Le 15 décembre 2000 - 776 mots

FRANCFORT / ALLEMAGNE

Davantage de biens culturels, saisis par l’Union soviétique après la Seconde Guerre mondiale, pourraient être rendus à l’Allemagne. Les responsables politiques espèrent signer, avant la fin de l’année, un accord qui assurerait la restitution d’un vitrail exceptionnel du XIVe siècle, enlevé à la cathédrale Marienkirche de Francfort-sur-l’Oder en 1945 et actuellement conservé au Musée d’État de l’Ermitage.

SAINT-PETERSBOURG (de notre correspondant) - “En contrepartie [du vitrail du XIVe siècle de la cathédrale de Francfort-sur-l’Oder], l’Allemagne reconstruira une église du XIVe siècle située dans la région de Pskov, complètement détruite pendant la guerre”, a déclaré Anatoli Vilkov, directeur du département pour la conservation des biens culturels au ministère de la Culture. “Il n’est pas question ici d’une restitution à grande échelle, mais du retour de quelques objets en particulier.” Le vitrail du XIVe siècle, de grande valeur, illustre un thème rarement représenté avec autant de détails : l’Antéchrist à son arrivée sur Terre et la vie des hommes pendant l’Apocalypse.
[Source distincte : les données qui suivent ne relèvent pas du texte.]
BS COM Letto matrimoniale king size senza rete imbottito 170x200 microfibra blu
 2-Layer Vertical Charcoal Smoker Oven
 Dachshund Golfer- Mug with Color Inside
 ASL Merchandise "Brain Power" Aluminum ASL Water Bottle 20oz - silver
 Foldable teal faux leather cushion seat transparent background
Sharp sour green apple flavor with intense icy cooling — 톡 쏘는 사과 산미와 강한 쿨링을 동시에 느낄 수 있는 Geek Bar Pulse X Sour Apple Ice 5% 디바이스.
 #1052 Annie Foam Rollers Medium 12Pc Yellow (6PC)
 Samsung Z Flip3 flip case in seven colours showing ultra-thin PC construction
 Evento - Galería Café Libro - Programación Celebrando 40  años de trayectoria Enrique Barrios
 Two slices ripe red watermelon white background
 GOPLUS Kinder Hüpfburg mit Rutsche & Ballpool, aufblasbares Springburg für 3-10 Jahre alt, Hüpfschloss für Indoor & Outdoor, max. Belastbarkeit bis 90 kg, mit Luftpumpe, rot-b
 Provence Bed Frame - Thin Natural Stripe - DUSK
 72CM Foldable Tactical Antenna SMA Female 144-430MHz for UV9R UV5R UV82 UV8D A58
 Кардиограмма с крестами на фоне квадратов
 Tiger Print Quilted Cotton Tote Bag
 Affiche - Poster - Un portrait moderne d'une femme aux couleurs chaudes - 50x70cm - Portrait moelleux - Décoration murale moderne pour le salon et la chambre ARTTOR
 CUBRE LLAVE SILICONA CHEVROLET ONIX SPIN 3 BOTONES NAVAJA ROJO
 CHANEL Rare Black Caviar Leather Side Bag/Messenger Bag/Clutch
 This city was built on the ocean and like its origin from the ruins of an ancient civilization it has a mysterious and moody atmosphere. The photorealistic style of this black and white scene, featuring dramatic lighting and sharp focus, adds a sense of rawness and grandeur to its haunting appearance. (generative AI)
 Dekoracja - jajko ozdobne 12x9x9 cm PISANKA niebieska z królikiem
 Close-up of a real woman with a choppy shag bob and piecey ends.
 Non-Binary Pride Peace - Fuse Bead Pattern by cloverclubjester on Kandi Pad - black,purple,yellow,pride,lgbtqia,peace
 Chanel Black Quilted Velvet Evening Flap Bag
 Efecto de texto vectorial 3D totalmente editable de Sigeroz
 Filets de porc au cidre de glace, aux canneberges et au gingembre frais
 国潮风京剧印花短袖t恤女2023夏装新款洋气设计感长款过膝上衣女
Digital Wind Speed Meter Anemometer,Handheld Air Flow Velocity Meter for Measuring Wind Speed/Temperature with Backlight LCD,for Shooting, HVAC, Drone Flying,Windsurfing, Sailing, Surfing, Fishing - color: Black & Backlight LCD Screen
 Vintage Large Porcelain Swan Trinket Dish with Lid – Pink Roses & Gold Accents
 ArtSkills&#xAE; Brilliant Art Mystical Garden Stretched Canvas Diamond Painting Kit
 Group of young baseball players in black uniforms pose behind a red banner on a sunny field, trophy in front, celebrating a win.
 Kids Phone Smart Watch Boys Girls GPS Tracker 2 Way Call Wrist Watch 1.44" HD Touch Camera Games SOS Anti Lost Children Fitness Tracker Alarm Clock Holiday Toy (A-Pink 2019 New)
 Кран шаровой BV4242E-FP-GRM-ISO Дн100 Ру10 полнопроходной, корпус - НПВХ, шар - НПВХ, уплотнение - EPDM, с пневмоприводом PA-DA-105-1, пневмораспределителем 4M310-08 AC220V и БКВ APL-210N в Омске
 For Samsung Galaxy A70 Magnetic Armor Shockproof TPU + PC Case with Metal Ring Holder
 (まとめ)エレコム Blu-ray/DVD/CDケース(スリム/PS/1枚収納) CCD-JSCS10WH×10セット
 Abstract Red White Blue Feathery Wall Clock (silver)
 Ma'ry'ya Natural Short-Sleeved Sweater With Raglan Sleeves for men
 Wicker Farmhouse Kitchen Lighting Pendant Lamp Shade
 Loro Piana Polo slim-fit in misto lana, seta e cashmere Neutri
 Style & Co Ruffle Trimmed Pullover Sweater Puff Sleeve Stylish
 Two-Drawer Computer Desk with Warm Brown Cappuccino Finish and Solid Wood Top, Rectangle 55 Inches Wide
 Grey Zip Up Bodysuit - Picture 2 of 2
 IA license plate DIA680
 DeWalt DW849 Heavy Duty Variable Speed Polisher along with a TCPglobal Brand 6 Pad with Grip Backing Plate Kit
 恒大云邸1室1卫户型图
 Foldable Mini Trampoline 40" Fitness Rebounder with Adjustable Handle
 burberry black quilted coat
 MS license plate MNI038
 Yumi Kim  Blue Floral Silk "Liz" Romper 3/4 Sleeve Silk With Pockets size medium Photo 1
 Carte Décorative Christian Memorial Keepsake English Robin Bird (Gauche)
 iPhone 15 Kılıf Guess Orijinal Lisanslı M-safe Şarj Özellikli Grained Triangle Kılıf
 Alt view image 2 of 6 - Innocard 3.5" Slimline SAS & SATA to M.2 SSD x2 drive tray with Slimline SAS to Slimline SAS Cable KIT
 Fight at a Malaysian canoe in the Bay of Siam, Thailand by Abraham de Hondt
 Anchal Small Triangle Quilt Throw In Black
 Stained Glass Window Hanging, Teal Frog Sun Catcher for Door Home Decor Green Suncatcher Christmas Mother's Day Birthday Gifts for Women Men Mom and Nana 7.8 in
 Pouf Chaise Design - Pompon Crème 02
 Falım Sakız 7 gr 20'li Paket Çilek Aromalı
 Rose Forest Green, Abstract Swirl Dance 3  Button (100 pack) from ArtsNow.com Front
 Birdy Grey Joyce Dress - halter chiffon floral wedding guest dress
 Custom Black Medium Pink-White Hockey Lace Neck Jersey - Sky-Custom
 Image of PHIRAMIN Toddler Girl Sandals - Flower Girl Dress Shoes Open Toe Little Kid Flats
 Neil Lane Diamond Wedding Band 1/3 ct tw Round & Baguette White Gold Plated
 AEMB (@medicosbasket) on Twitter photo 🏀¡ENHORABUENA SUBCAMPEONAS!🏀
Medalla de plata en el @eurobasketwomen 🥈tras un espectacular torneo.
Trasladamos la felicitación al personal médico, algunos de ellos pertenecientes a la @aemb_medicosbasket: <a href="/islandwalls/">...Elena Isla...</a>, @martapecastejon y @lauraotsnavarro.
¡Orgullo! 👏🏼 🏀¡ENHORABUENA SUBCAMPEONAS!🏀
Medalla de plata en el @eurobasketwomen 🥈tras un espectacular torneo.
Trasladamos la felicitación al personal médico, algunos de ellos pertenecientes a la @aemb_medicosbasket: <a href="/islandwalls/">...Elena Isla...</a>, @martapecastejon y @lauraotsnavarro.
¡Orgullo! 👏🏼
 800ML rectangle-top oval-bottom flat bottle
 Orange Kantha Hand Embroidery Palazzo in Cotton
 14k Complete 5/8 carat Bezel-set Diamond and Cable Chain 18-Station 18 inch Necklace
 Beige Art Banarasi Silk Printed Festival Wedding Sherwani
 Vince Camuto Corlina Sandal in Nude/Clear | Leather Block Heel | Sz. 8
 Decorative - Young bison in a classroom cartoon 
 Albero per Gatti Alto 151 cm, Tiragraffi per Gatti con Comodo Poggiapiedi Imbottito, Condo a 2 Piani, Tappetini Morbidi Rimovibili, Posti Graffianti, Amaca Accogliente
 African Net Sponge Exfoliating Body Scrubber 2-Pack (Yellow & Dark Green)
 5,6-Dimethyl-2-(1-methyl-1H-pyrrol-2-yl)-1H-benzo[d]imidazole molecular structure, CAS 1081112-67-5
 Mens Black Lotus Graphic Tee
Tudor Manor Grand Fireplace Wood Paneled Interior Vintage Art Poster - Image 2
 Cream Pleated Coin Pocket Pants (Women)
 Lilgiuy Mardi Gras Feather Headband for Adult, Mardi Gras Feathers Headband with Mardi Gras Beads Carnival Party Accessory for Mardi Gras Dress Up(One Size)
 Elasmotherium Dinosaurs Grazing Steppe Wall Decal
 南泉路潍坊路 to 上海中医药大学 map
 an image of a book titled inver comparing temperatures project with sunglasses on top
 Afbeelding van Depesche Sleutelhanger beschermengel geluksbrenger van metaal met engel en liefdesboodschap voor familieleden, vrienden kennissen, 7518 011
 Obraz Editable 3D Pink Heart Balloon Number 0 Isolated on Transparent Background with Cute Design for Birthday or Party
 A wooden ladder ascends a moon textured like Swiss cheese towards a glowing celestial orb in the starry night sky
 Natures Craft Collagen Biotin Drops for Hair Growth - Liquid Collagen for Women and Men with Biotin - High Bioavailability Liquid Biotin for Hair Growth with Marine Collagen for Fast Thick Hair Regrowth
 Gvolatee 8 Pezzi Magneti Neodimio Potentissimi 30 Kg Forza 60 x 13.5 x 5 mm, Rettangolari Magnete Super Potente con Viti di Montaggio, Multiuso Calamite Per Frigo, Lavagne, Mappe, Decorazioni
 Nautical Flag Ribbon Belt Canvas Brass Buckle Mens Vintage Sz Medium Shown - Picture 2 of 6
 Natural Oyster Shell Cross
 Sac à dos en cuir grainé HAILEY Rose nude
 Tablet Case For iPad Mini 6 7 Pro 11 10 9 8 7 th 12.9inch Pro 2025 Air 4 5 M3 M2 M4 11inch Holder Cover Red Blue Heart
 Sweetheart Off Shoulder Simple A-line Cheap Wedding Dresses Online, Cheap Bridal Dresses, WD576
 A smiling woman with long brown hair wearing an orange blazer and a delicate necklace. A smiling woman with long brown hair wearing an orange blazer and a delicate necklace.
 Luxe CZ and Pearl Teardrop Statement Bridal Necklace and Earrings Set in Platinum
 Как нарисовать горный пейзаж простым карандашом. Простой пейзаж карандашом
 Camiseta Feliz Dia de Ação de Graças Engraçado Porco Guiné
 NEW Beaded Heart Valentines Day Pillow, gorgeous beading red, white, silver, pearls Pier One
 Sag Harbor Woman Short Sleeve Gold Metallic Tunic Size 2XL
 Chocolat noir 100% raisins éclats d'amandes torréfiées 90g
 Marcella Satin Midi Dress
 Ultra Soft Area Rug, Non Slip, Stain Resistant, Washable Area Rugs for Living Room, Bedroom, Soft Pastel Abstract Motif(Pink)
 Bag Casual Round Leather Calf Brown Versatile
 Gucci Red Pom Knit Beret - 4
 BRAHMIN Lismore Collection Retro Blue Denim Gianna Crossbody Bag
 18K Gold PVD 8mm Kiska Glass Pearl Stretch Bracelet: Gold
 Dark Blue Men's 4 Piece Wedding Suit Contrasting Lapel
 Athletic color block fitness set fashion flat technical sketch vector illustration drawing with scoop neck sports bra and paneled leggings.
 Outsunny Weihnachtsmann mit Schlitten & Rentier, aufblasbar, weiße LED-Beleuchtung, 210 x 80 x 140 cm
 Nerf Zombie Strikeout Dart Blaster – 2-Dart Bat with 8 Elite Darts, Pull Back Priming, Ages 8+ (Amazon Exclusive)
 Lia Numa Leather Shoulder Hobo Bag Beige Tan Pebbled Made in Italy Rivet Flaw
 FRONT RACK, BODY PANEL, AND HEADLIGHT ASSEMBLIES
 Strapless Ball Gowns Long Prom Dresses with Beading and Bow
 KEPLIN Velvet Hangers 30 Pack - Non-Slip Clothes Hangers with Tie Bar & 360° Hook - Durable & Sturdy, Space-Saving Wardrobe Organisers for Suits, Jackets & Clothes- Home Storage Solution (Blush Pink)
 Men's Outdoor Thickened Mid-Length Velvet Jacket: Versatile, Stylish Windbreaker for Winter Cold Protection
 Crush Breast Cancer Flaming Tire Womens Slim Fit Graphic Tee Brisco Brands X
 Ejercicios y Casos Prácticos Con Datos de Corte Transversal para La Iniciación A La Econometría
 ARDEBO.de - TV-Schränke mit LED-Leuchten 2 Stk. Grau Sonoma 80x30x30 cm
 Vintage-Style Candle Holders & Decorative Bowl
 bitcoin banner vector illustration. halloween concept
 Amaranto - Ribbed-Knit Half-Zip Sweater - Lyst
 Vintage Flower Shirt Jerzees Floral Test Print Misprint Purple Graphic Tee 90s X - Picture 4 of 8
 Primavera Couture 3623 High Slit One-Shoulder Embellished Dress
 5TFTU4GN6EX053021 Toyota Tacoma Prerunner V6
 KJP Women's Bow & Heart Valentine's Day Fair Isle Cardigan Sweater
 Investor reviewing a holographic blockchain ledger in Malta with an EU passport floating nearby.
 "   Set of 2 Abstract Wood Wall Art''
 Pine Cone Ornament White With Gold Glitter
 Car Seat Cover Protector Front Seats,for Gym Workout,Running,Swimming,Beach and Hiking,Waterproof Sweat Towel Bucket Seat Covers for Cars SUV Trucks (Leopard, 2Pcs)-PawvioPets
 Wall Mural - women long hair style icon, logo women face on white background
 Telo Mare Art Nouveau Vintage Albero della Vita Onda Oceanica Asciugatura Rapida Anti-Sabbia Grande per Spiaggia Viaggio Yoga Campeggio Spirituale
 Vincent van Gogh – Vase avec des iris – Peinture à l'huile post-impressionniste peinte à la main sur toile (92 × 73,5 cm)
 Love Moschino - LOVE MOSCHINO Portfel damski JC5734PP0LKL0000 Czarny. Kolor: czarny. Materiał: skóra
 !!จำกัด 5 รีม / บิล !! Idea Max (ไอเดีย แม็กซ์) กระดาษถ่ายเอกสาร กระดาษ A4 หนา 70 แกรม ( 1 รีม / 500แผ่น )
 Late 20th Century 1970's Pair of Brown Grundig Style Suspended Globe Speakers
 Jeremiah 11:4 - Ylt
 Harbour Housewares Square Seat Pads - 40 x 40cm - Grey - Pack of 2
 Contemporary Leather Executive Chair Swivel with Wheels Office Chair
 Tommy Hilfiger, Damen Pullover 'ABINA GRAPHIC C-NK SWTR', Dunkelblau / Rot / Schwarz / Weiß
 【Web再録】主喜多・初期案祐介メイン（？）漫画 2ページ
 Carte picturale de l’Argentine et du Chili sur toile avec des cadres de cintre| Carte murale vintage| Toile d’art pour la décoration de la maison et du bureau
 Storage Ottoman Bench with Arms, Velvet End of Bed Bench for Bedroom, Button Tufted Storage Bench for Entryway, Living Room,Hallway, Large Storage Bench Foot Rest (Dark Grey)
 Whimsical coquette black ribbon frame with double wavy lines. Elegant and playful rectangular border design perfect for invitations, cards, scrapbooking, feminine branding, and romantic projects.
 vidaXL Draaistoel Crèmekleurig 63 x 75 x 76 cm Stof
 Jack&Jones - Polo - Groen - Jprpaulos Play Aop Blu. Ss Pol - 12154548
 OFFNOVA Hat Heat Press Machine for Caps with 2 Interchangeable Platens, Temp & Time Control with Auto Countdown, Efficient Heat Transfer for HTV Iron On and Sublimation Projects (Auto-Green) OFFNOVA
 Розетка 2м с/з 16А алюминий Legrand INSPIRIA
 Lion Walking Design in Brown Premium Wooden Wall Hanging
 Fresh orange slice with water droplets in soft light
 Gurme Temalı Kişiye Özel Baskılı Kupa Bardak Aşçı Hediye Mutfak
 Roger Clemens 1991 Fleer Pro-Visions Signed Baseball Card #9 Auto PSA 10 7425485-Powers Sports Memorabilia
Les 114 panneaux de verre, mesurant chacun 80 cm de haut et 50 cm de large environ, sont dans un état de conservation relativement bon, selon Mikhaïl Piotrovsky, directeur de l’Ermitage. Mais le réseau de plomb est cassant et nécessite une campagne de restauration que des experts allemands et russes commenceront à l’Ermitage dès l’année prochaine.

“Les Allemands voudraient que nous leur rendions le vitrail au plus vite [pour la célébration du 750e anniversaire de la cathédrale en 2003], mais nous voulons d’abord le restaurer puis l’exposer en Russie pour que nos concitoyens puissent le voir. Alors seulement, en accord avec la loi en vigueur en Russie et conformément à la décision de notre gouvernement, nous le rendrons, a déclaré Mikhaïl Piotrovsky. Nous sommes tenus d’agir de la sorte afin d’éviter toute réclamation de la part des nationalistes de Russie.”

Déplacés par les Allemands en 1941 pour les protéger des bombardements, les panneaux ont ensuite été découverts par les troupes soviétiques dans un musée de Dresde puis peu après la fin de la guerre, confisqués et conservés secrètement à l’Ermitage. Mikhaïl Piotrovsky a révélé publiquement leur existence en 1993.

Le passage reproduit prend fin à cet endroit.